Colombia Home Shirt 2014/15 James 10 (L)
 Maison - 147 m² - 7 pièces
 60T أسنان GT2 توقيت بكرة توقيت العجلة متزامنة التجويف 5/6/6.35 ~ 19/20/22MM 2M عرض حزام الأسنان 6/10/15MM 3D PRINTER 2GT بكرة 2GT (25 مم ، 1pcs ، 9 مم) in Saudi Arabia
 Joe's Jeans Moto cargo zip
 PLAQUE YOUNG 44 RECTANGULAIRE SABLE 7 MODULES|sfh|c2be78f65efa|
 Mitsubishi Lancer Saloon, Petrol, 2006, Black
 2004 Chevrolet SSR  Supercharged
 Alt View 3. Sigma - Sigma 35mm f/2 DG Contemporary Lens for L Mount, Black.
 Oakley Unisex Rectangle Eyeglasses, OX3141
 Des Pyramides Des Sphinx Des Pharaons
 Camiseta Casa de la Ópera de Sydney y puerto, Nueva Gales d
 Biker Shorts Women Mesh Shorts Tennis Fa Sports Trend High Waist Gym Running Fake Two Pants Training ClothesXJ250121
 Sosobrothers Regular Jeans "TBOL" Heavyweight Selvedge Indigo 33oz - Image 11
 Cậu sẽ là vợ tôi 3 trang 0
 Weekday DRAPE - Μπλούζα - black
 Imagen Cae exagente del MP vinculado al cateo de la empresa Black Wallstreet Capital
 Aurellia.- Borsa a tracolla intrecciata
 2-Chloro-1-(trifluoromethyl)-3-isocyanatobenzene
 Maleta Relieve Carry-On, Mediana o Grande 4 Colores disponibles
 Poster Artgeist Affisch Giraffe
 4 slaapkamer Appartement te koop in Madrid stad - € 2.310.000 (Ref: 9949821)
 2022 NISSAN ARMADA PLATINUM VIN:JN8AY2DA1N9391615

Work order:
Copy out, from the records above, every line that holds the string "Jeans".

Response to this exercise:
 Joe's Jeans Moto cargo zip
 Sosobrothers Regular Jeans "TBOL" Heavyweight Selvedge Indigo 33oz - Image 11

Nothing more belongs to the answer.